__Directions__
Transcribe nothing except the lines below that run from the one with "738 - Shark" to the one with "Raffi Ahmad dan", ends included, and do not copy any picture.

Provided records: Begin

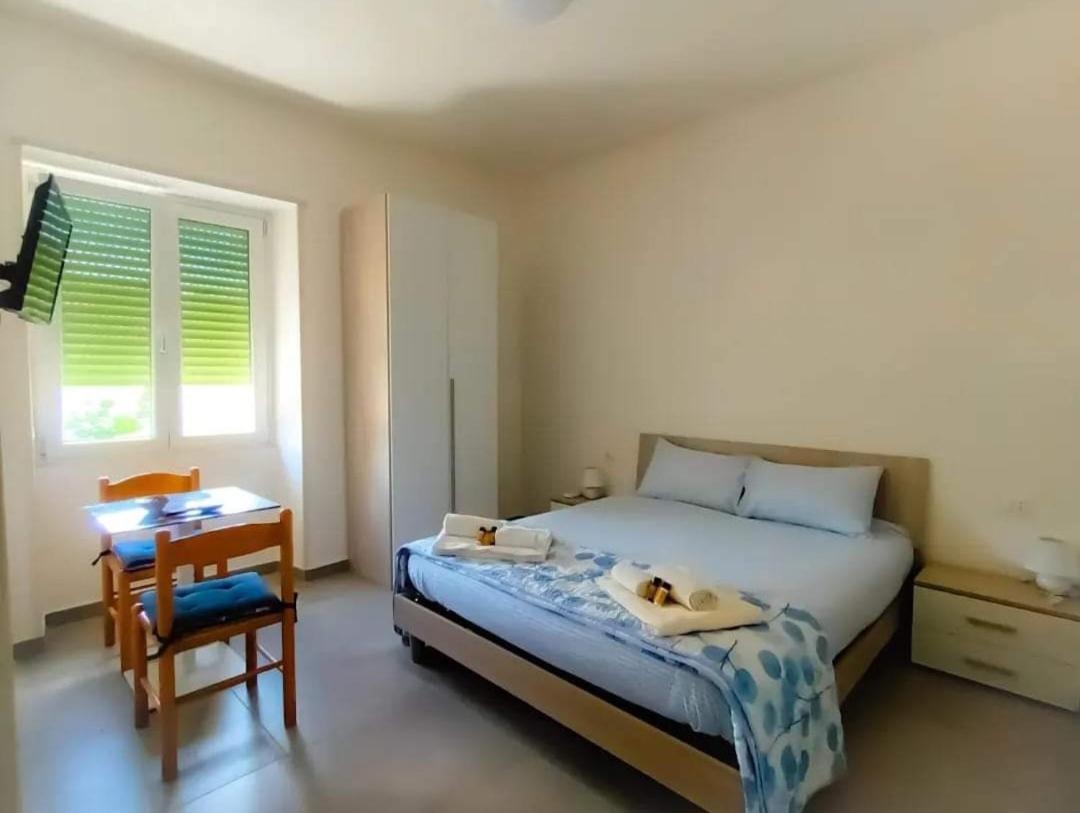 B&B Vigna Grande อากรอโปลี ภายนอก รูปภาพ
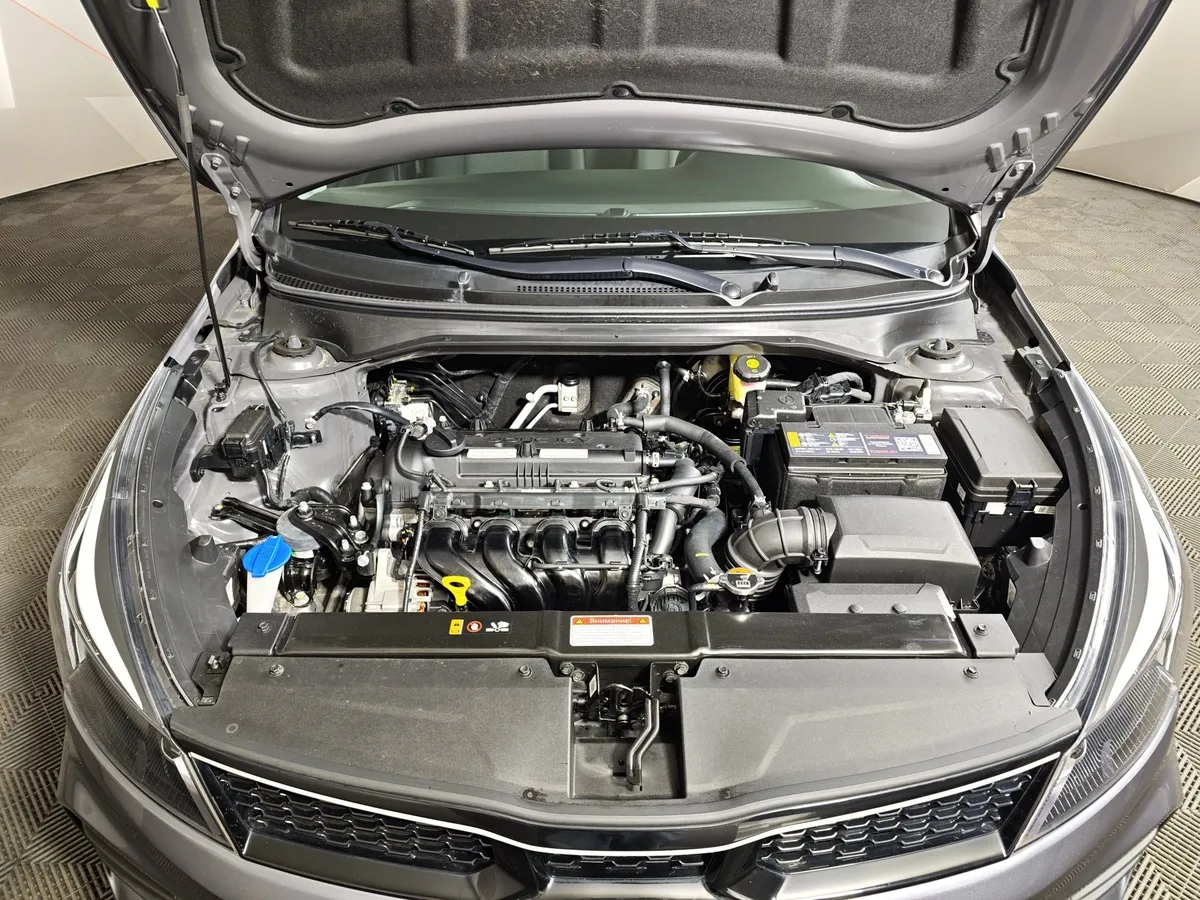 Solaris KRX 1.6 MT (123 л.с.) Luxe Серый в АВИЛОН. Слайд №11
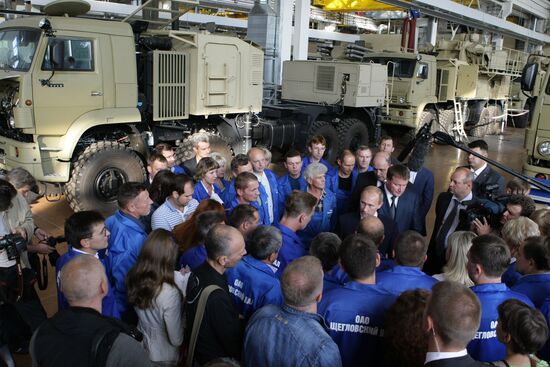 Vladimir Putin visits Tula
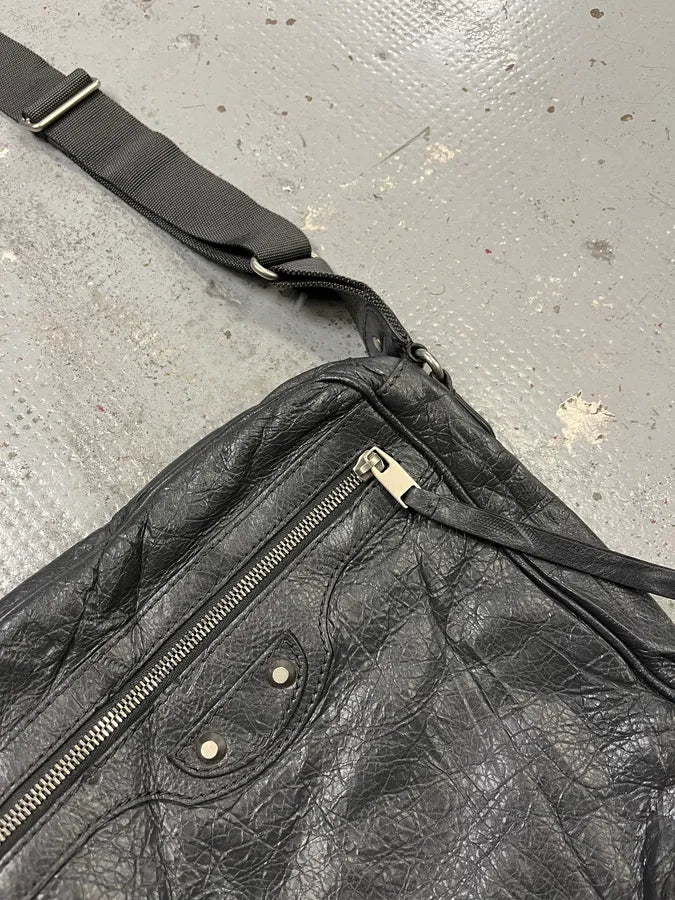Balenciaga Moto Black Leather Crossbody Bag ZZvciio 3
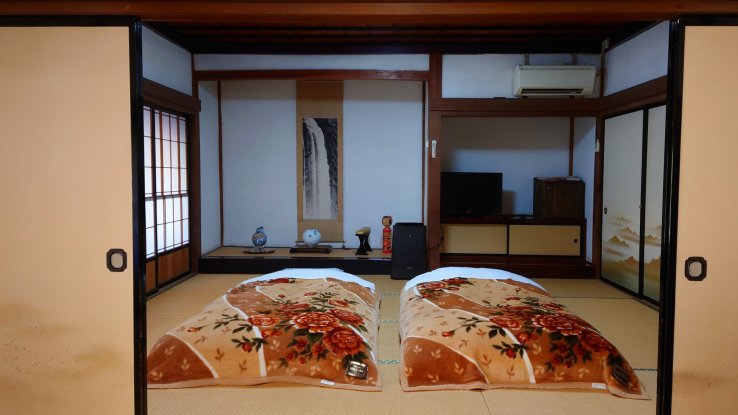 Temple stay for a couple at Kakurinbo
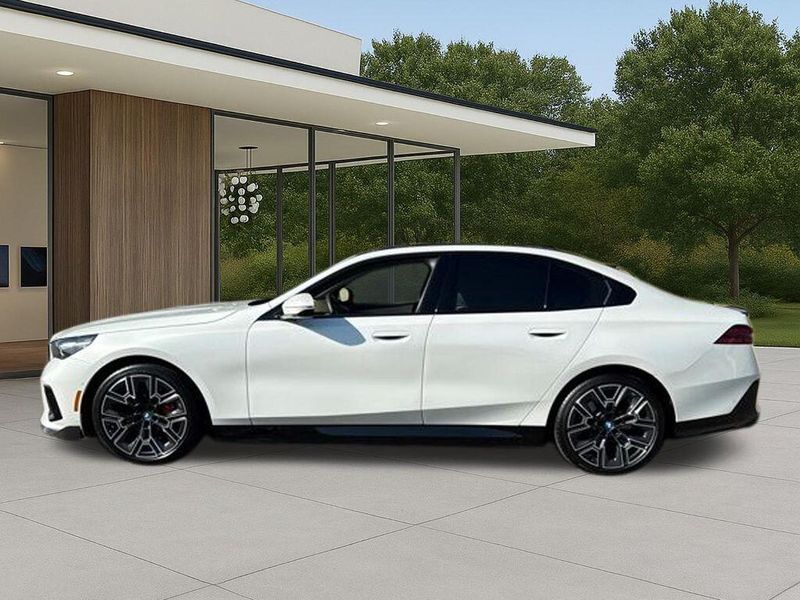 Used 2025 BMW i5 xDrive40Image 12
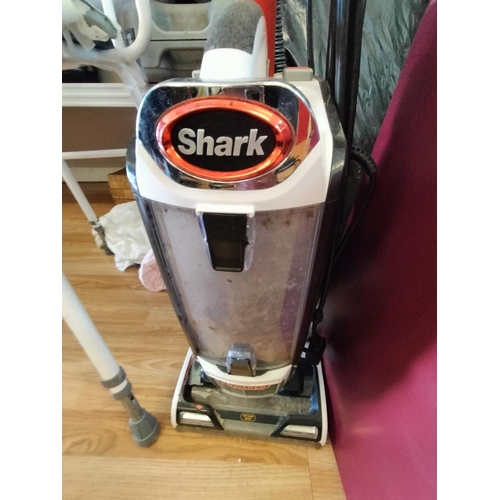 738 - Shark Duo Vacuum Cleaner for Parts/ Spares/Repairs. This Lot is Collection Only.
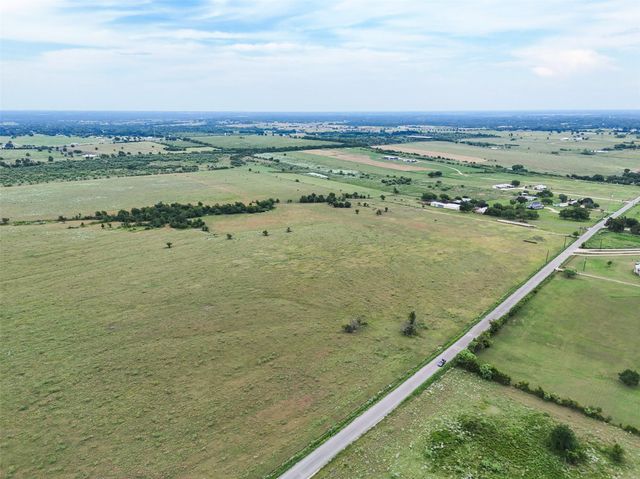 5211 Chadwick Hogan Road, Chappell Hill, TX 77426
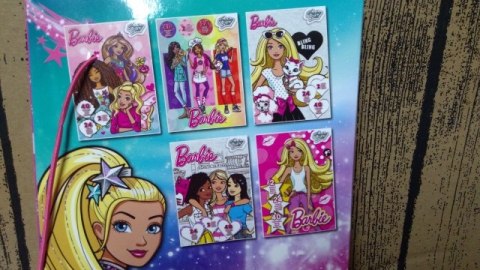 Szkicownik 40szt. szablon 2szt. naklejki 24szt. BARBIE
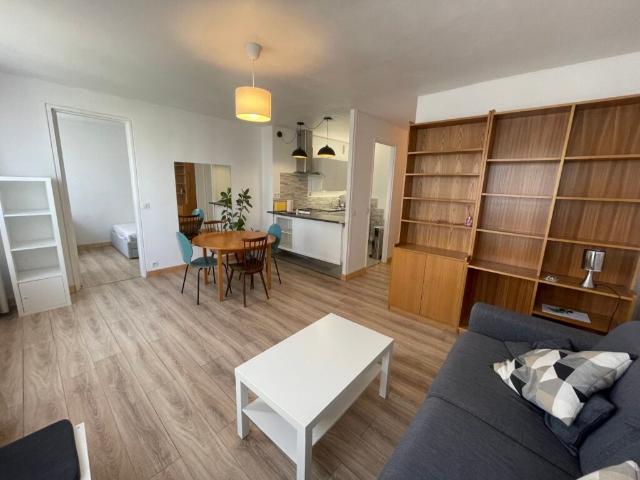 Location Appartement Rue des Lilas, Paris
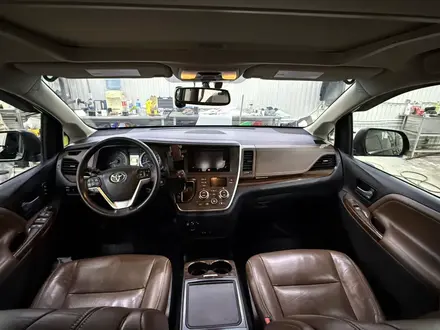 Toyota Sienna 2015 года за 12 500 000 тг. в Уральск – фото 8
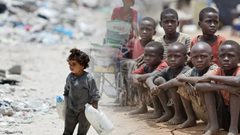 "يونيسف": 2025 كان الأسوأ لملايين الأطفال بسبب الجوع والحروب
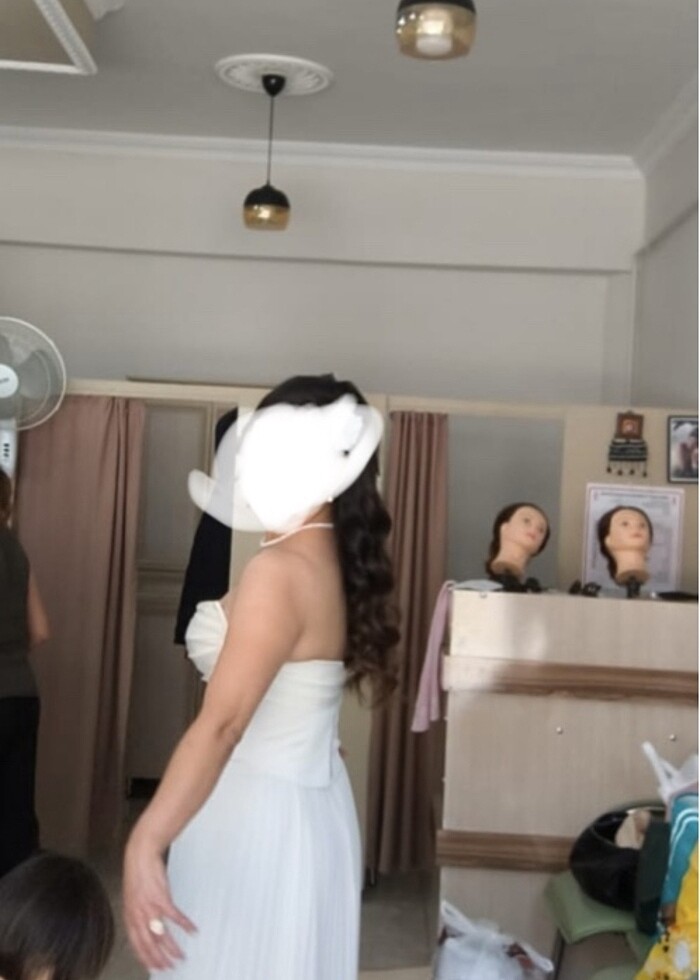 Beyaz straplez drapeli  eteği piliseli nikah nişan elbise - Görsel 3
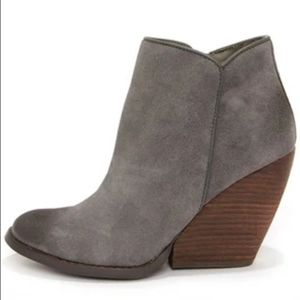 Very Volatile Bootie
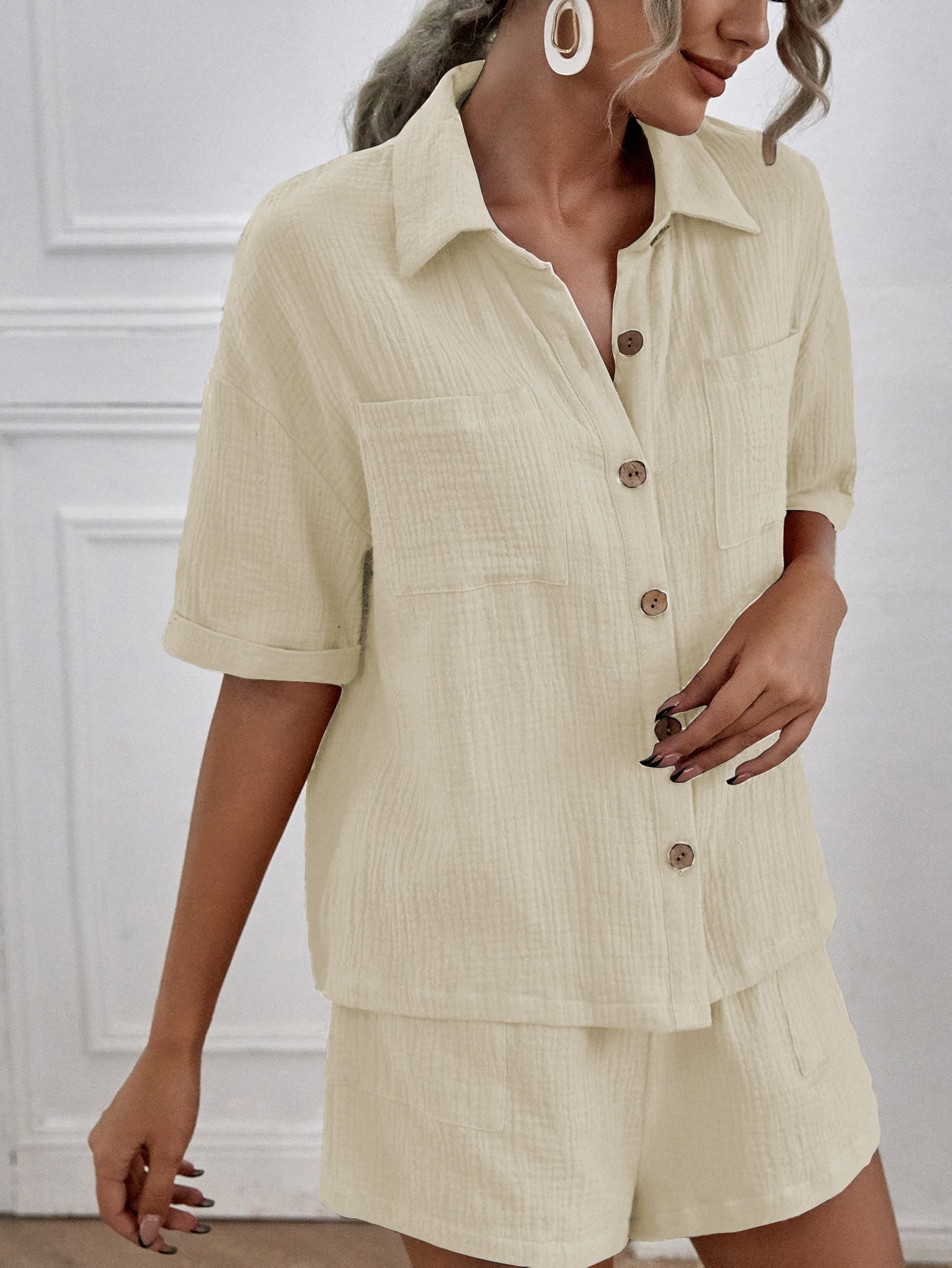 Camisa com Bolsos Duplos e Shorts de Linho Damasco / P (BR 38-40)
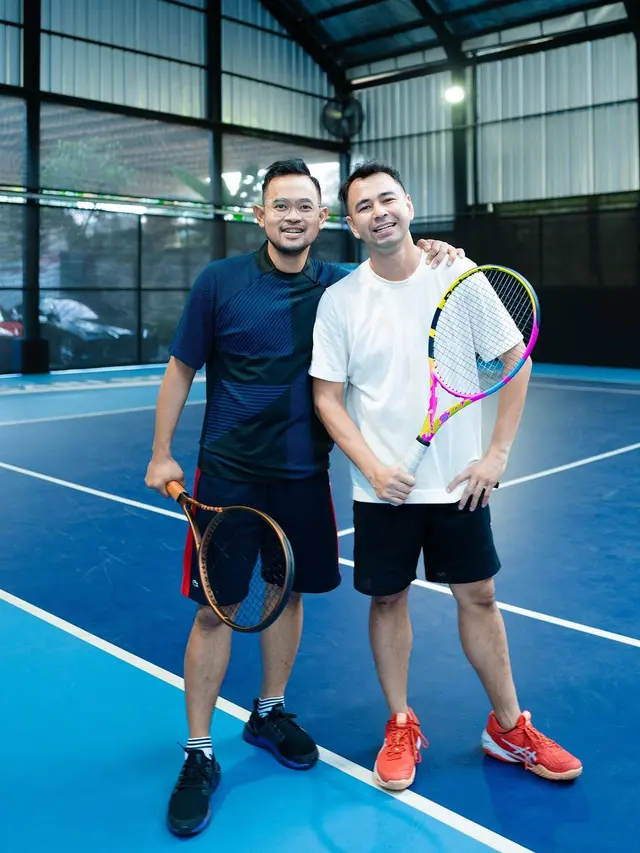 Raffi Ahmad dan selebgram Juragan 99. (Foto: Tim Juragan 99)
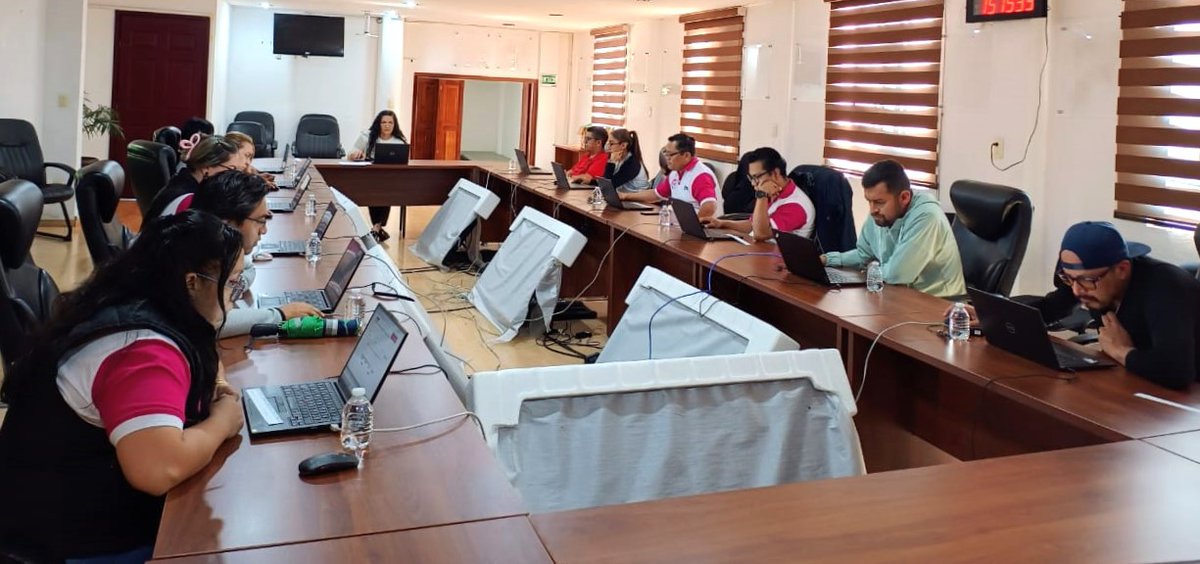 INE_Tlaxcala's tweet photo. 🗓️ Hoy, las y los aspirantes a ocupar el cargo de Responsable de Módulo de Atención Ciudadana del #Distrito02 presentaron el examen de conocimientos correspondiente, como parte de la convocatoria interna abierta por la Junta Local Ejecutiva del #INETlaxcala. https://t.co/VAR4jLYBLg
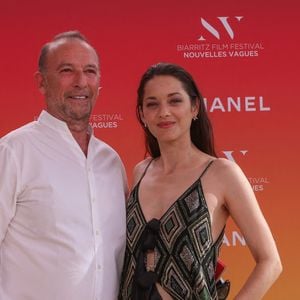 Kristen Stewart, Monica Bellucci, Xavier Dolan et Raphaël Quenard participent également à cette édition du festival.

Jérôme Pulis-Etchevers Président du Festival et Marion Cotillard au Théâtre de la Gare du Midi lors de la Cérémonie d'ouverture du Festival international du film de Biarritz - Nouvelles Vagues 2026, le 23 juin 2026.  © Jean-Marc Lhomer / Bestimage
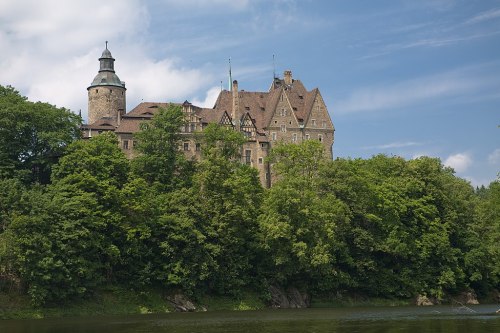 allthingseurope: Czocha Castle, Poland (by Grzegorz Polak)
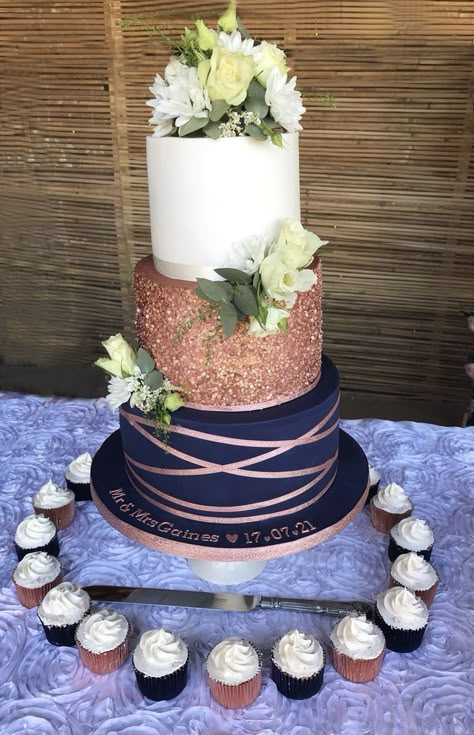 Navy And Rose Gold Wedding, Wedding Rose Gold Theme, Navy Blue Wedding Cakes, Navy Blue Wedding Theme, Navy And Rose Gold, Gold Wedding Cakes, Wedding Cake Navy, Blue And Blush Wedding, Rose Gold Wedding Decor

Provided records: End

__Response to this exercise__
 738 - Shark Duo Vacuum Cleaner for Parts/ Spares/Repairs. This Lot is Collection Only.
 5211 Chadwick Hogan Road, Chappell Hill, TX 77426
 Szkicownik 40szt. szablon 2szt. naklejki 24szt. BARBIE
 Location Appartement Rue des Lilas, Paris
 Toyota Sienna 2015 года за 12 500 000 тг. в Уральск – фото 8
 "يونيسف": 2025 كان الأسوأ لملايين الأطفال بسبب الجوع والحروب
 Beyaz straplez drapeli  eteği piliseli nikah nişan elbise - Görsel 3
 Very Volatile Bootie
 Camisa com Bolsos Duplos e Shorts de Linho Damasco / P (BR 38-40)
 Raffi Ahmad dan selebgram Juragan 99. (Foto: Tim Juragan 99)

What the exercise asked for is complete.